For data lake buckets where access patterns are unpredictable:

resource "aws_s3_bucket_intelligent_tiering_configuration" "data_lake" {
  bucket = aws_s3_bucket.data_lake["silver"].id
  name   = "EntireBucket"

  tiering {
    access_tier = "DEEP_ARCHIVE_ACCESS"
    days        = 180
  }

  tiering {
    access_tier = "ARCHIVE_ACCESS"
    days        = 90
  }
}

# Lifecycle rules: delete temp/staging data aggressively
resource "aws_s3_bucket_lifecycle_configuration" "data_lake" {
  bucket = aws_s3_bucket.data_lake["bronze"].id

  rule {
    id     = "expire-staging-data"
    status = "Enabled"

    filter {
      prefix = "staging/"
    }

    expiration {
      days = 7
    }

    noncurrent_version_expiration {
      noncurrent_days = 3
    }
  }

  rule {
    id     = "transition-bronze-to-ia"
    status = "Enabled"

    filter {
      prefix = "orders/"
    }

    transition {
      days          = 30
      storage_class = "STANDARD_IA"
    }

    transition {
      days          = 90
      storage_class = "GLACIER_IR"
    }

    expiration {
      days = 2555  # 7 years retention for compliance
    }
  }
}

Column Pruning and Compression

Parquet with Snappy is not always optimal. For cold analytics data:

# Convert to Parquet with ZSTD compression (30-40% smaller than Snappy)
spark-submit --class com.myorg.CompressJob my-job.jar   --input s3://my-platform-silver/orders/   --output s3://my-platform-silver/orders-compressed/   --format parquet   --compression zstd   --zstd-level 3  # Balance speed vs ratio

# Measure actual sizes
aws s3 ls --recursive s3://my-platform-silver/orders/ --summarize | tail -2
aws s3 ls --recursive s3://my-platform-silver/orders-compressed/ --summarize | tail -2

Query Cost Optimization

Athena: Cost by Query Tag

# Tag Athena queries for cost attribution
aws athena start-query-execution   --query-string "SELECT * FROM gold.orders WHERE dt = '2024-01-15'"   --work-group marketing-analytics   --query-execution-context Database=gold   --result-configuration OutputLocation=s3://my-platform-athena-results/marketing/

# Athena workgroup with per-query data scanned limit
resource "aws_athena_workgroup" "marketing" {
  name = "marketing-analytics"

  configuration {
    enforce_workgroup_configuration    = true
    publish_cloudwatch_metrics_enabled = true

    result_configuration {
      output_location = "s3://${aws_s3_bucket.athena_results.bucket}/marketing/"

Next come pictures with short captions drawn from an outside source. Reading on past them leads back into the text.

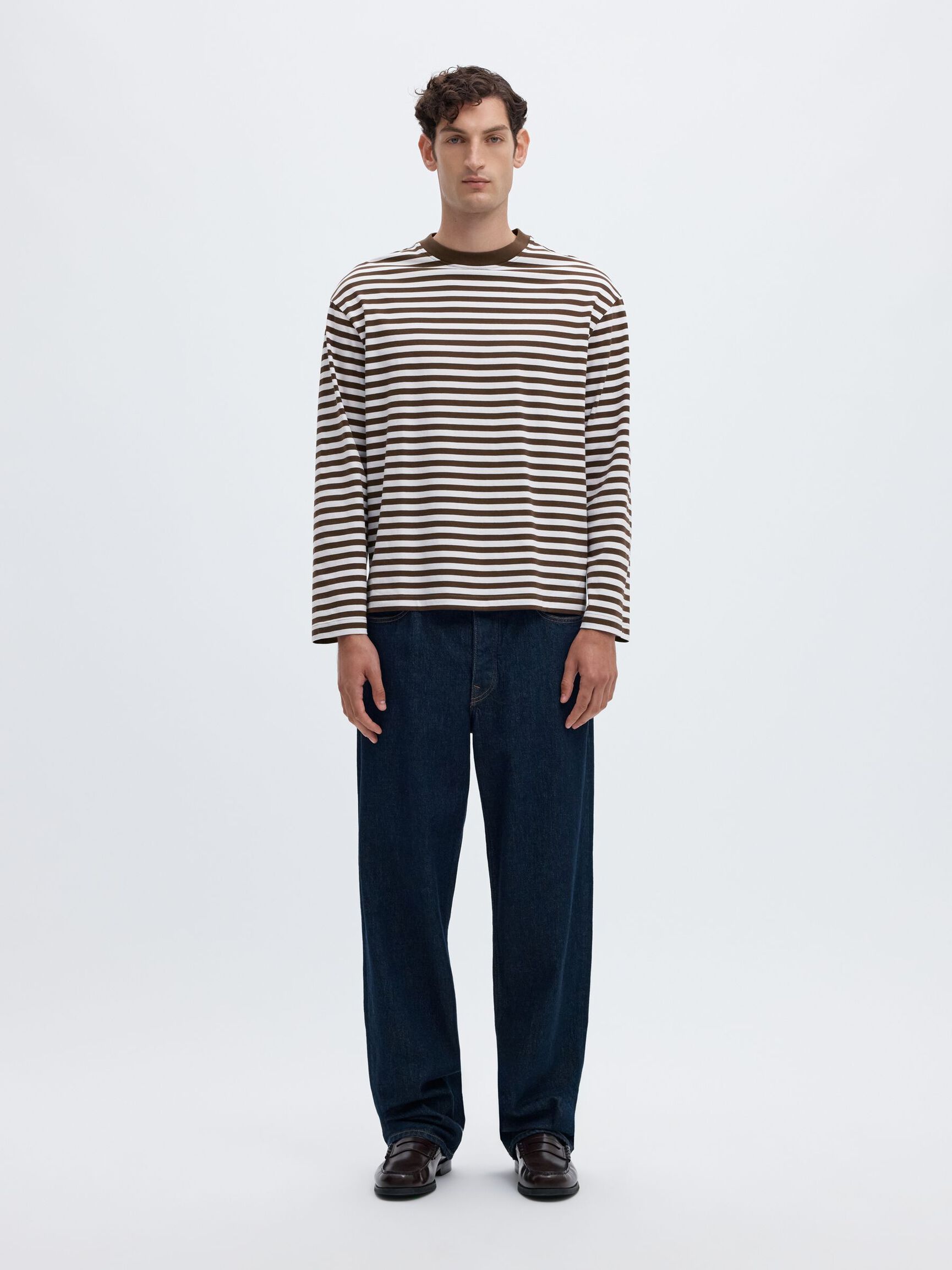 RELAXED FIT LONG-SLEEVED T-SHIRT, Demitasse, highres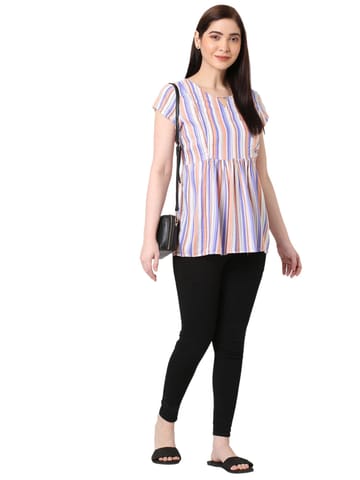 Mystere Paris Classic Striped Maternity Top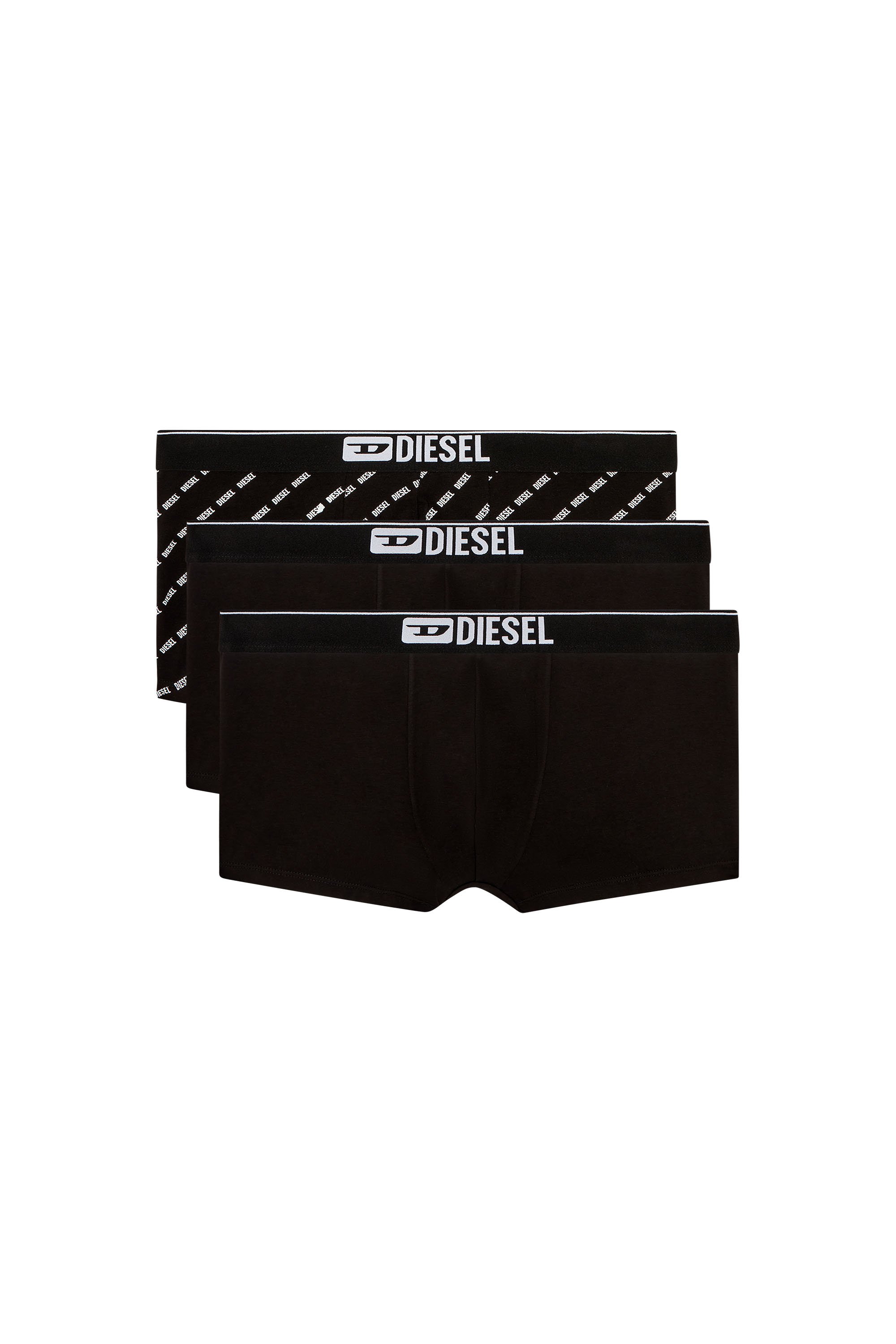 Diesel - DAMIEN-THREEPACK, Man's Three-pack boxer briefs with diagonal logo in Black - 1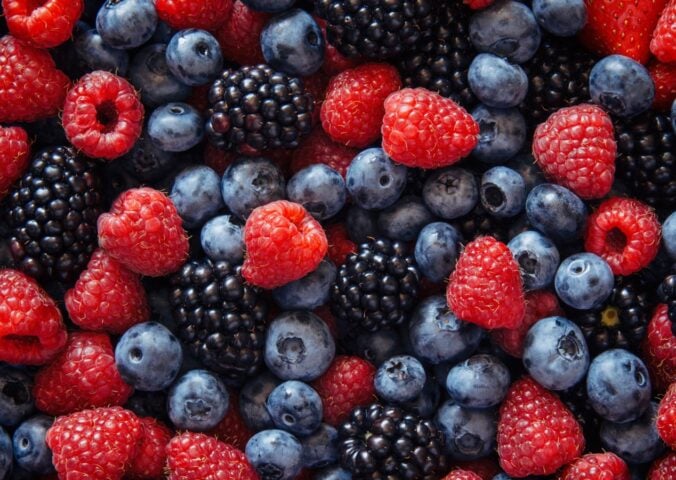 A shot of blueberries, blackberries, and raspberries, some of the foods that work like supplements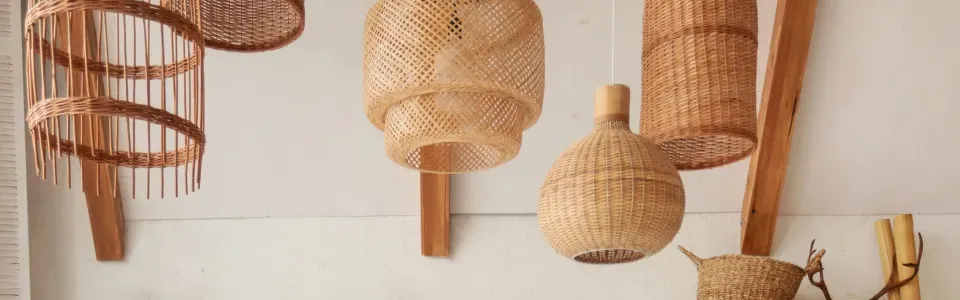 photo of lighting that uses bamboo and wood as a shade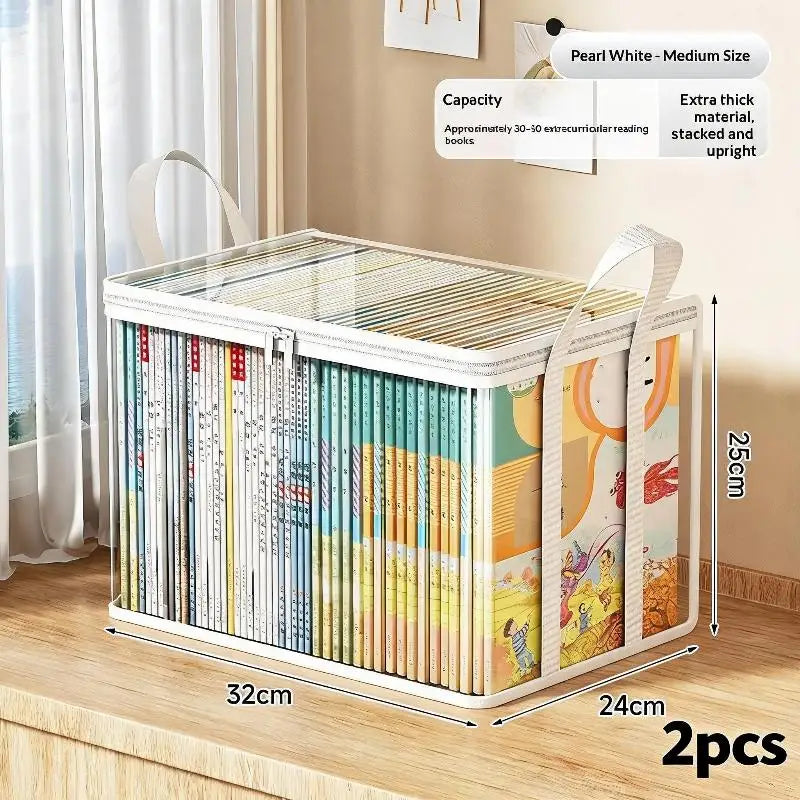 Transparent Plastic Book Storage Box Large Capacity Foldable Space-Saving Organizer For Home Office Storage Bookshelf Container Qme 2pcs A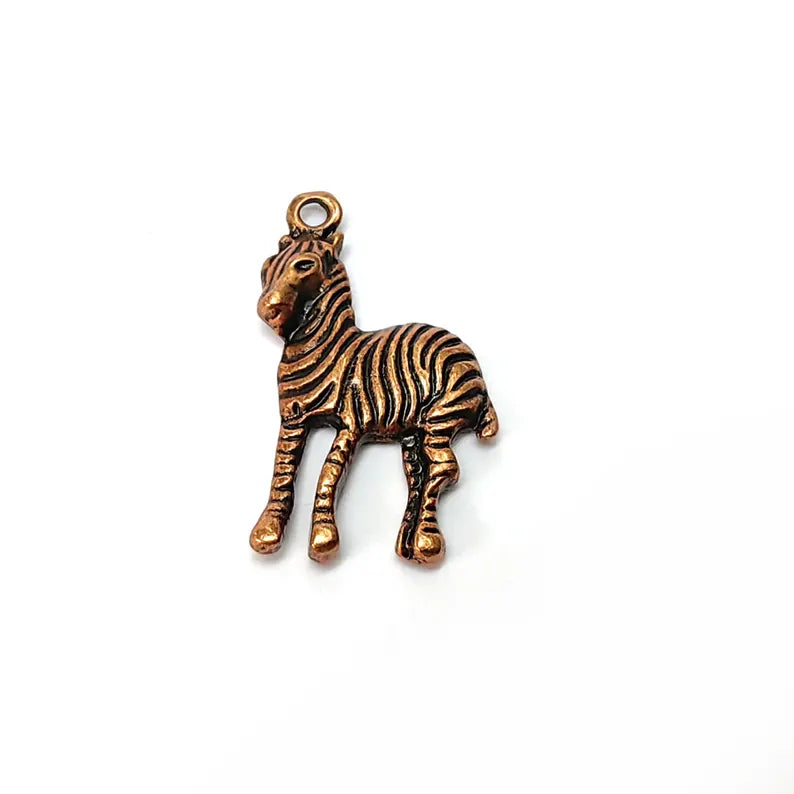 5 Zebra Charms, Boho Charms, Dangle Charm, DIY , Earring Charm, Connector, Necklace Parts, Antique Copper Plated 29x17mm G36518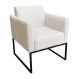 Poltrona Decorativa Base Industrial Preto Maressa S03 Suede Bege - Ibiza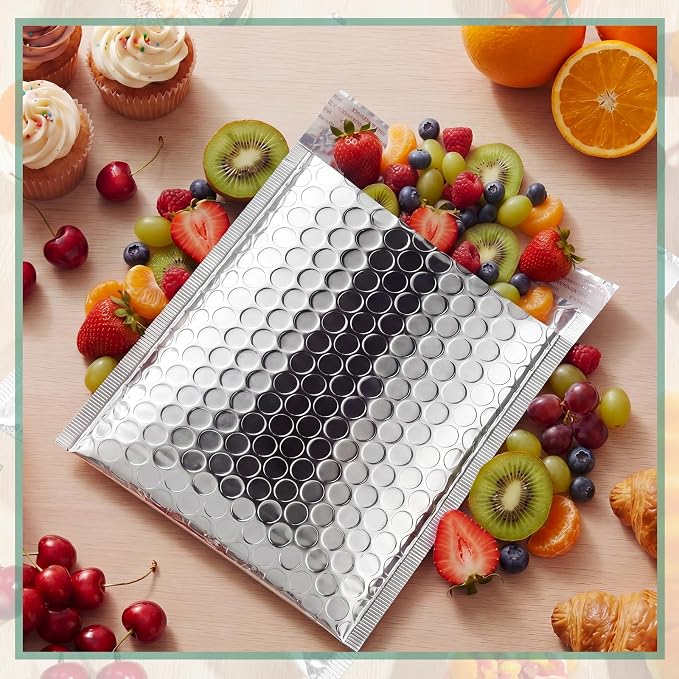 50 Pack 6 x 7 Inch Insulated Bubble Mailers, Silver | Self Seal Closure, Foil Lined Interior, Padded Cushioning, Waterproof, Cold Delivery Packing, for Food and Cosmetics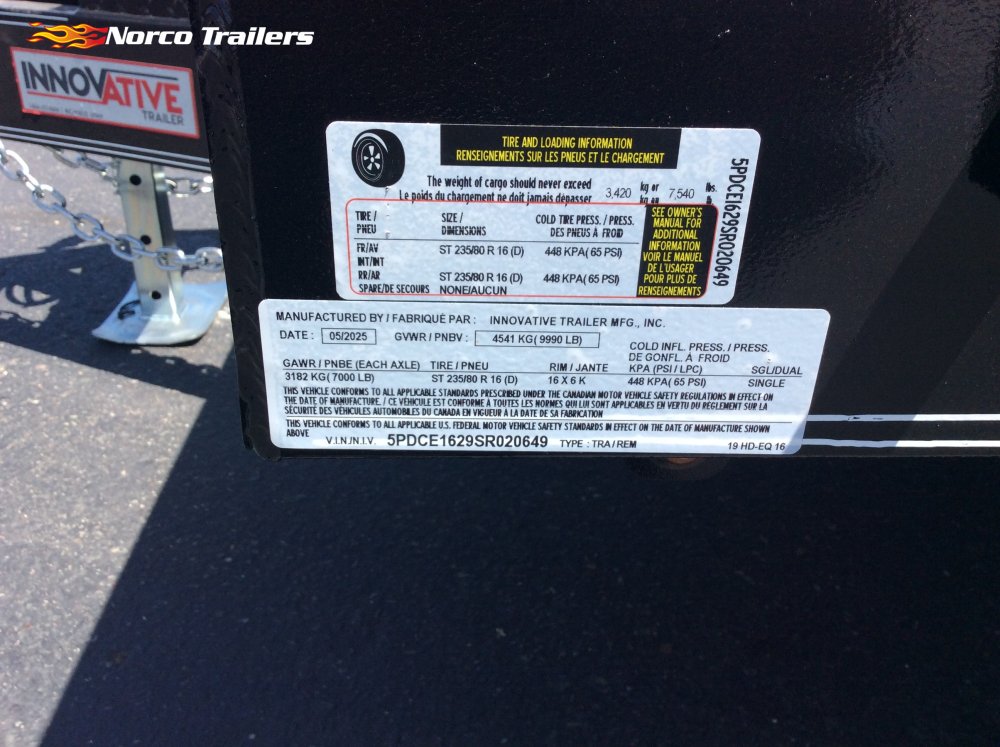 2025 Innovative Trailer Mfg 82" x 16' CAR HAULER Equipment trailer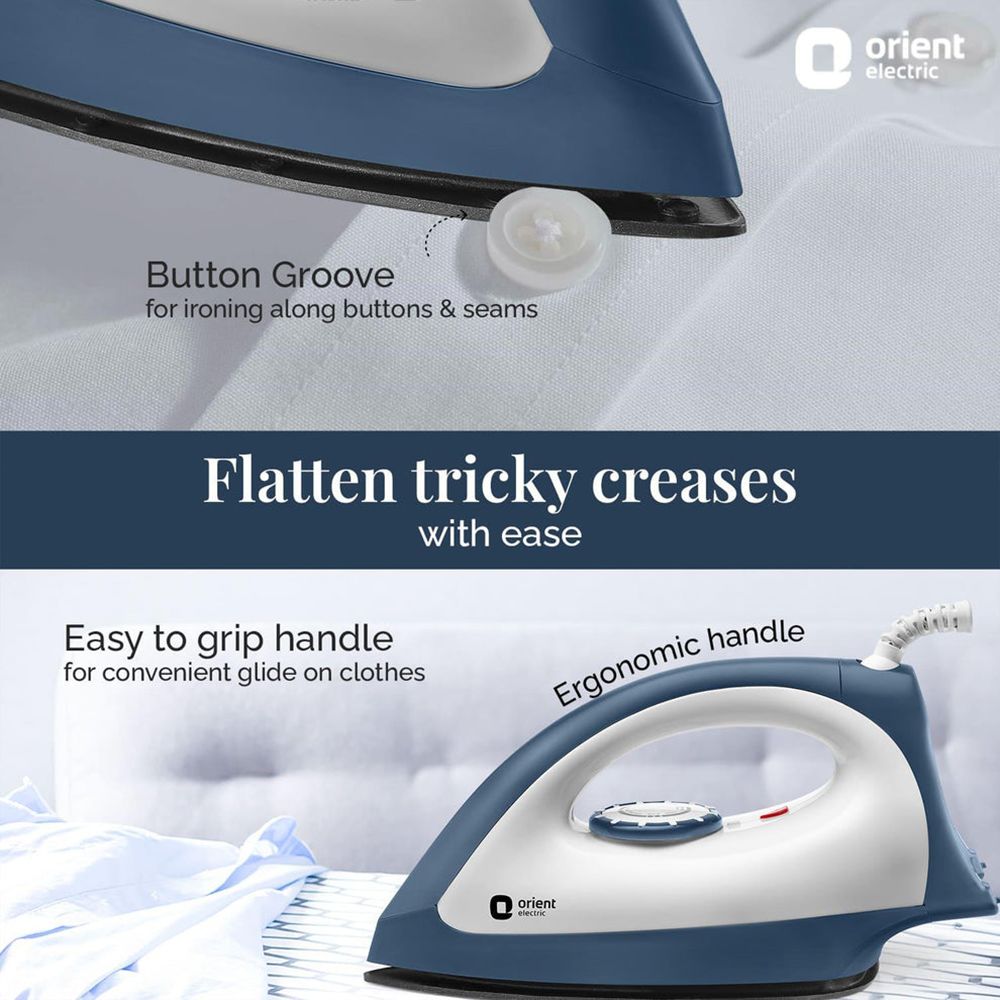 Orient Lyvi 1100 Watts Dry Iron (Quick Heat Technology, White & Blue) Orient Lyvi 1100 Watts Dry Iron (Quick Heat Technology, White & Blue)_6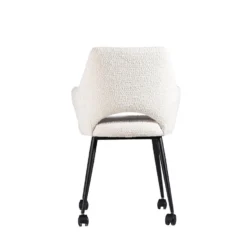 Giga Meubel Eetkamerstoel Bouclé - Wit - Stoel Jasmine -Puur Woood Winkel a02498729cd94e87acf5b71e07677796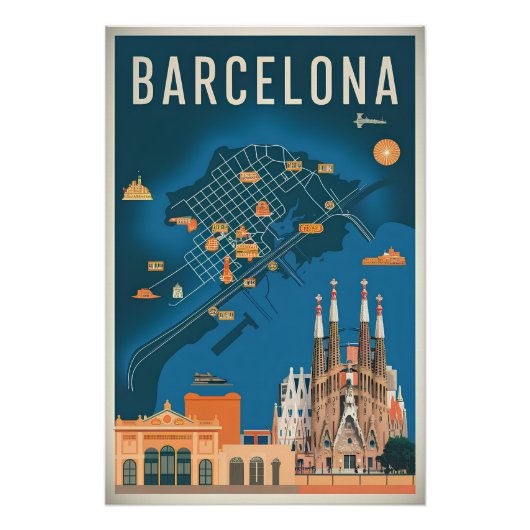 Barcelona Spanje vintage Perfect Poster (Voorkant)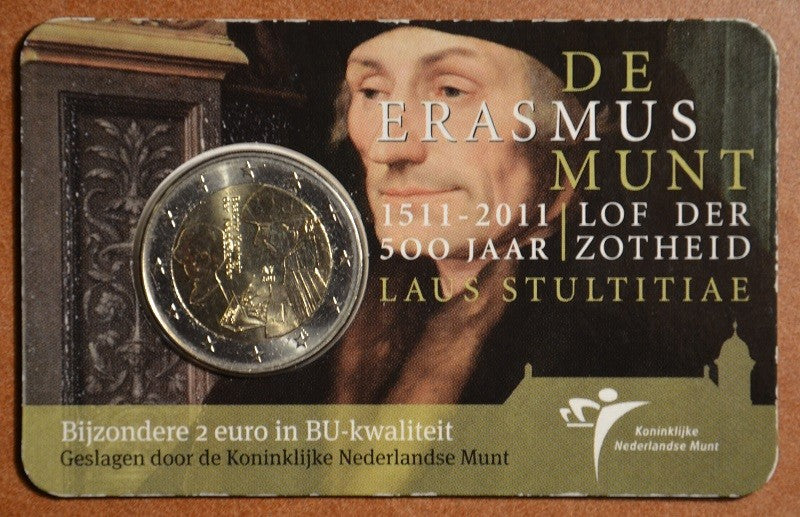 2 Euro Hollandia 2011 - Erasmus híres könyve megjelenésének 500. évfordulója (BU kártya)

      encryption_configuration {
        encryption_option = "SSE_KMS"
        kms_key            = aws_kms_key.data_platform.arn
      }
    }

    bytes_scanned_cutoff_per_query = 10737418240  # 10 GB max per query
  }

  tags = {
    team = "marketing-analytics"
  }
}

Partition Pruning: The Single Biggest Athena Optimization

-- BAD: Full table scan ($$$)
SELECT COUNT(*) FROM gold.events
WHERE event_timestamp >= '2024-01-01';

-- GOOD: Partition pruned (scans only Jan 2024 partitions)
SELECT COUNT(*) FROM gold.events
WHERE year = '2024' AND month = '01';

-- Check if partition pruning is working
EXPLAIN SELECT COUNT(*) FROM gold.events
WHERE year = '2024' AND month = '01';
-- Look for "partition count" in output vs total partitions

Budget Alerts and Anomaly Detection

resource "aws_budgets_budget" "data_platform" {
  name         = "data-platform-monthly-${var.environment}"
  budget_type  = "COST"
  limit_amount = "50000"
  limit_unit   = "USD"
  time_unit    = "MONTHLY"

  cost_filter {
    name = "TagKeyValue"
    values = ["user:environment$${var.environment}"]
  }

  notification {
    comparison_operator        = "GREATER_THAN"
    threshold                  = 80
    threshold_type             = "PERCENTAGE"
    notification_type          = "ACTUAL"
    subscriber_email_addresses = ["data-platform-lead@myorg.com"]
  }

  notification {
    comparison_operator        = "GREATER_THAN"
    threshold                  = 100
    threshold_type             = "PERCENTAGE"
    notification_type          = "FORECASTED"
    subscriber_email_addresses = ["data-platform-lead@myorg.com", "cto@myorg.com"]
  }
}

# AWS Cost Anomaly Detection
resource "aws_ce_anomaly_monitor" "data_platform" {
  name              = "data-platform-anomaly-monitor"
  monitor_type      = "DIMENSIONAL"
  monitor_dimension = "SERVICE"
}

resource "aws_ce_anomaly_subscription" "data_platform" {
  name      = "data-platform-anomaly-alerts"
  frequency = "DAILY"

  monitor_arn_list = [aws_ce_anomaly_monitor.data_platform.arn]

  subscriber {
    address = "data-platform-lead@myorg.com"
    type    = "EMAIL"
  }

  threshold_expression {
    and {
      dimension {
        key           = "ANOMALY_TOTAL_IMPACT_PERCENTAGE"
        match_options = ["GREATER_THAN_OR_EQUAL"]
        values        = ["20"]
      }
    }
    and {
      dimension {
        key           = "ANOMALY_TOTAL_IMPACT_ABSOLUTE"
        match_options = ["GREATER_THAN_OR_EQUAL"]
        values        = ["500"]
      }
    }
  }
}

FinOps Maturity Model for Data Teams

LevelCharacteristicsActions
1 - CrawlNo tags, no budgets, monthly surprise billsImplement tag schema, set budgets
2 - WalkTags on new resources, showback reportsEnforce tags in CI/CD, unit economics
3 - RunFull chargeback, Spot usage >50%, query optimizationAnomaly detection, per-pipeline cost SLOs
4 - OptimizeUnit economics, automated rightsizing, waste eliminationML-based forecasting, commitment planning

Visibility with Harbinger Explorer

Cost allocation only works when you can correlate cloud spend with data platform activity. Harbinger Explorer links pipeline runs, query counts, and data volumes to your cost data—so you can see exactly which pipelines are driving cost and where optimization will have the most impact.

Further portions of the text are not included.